● TASK
Your task is to find every line of the data that holds the string "Photo" and copy it.

----

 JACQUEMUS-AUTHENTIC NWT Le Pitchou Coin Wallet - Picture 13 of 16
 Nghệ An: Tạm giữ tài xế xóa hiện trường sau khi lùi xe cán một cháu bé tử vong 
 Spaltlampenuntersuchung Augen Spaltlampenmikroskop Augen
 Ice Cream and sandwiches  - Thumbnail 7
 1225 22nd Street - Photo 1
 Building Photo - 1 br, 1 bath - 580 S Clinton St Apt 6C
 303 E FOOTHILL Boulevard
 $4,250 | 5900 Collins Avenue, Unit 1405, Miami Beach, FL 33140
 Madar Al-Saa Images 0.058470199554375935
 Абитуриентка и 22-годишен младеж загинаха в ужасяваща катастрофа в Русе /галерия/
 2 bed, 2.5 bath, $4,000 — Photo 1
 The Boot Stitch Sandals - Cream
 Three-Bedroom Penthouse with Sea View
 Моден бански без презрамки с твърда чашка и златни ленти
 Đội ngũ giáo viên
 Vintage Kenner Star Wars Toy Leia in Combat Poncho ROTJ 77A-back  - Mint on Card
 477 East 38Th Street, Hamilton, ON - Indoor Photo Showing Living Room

----

● TASK ANSWER
 1225 22nd Street - Photo 1
 Building Photo - 1 br, 1 bath - 580 S Clinton St Apt 6C
 2 bed, 2.5 bath, $4,000 — Photo 1
 477 East 38Th Street, Hamilton, ON - Indoor Photo Showing Living Room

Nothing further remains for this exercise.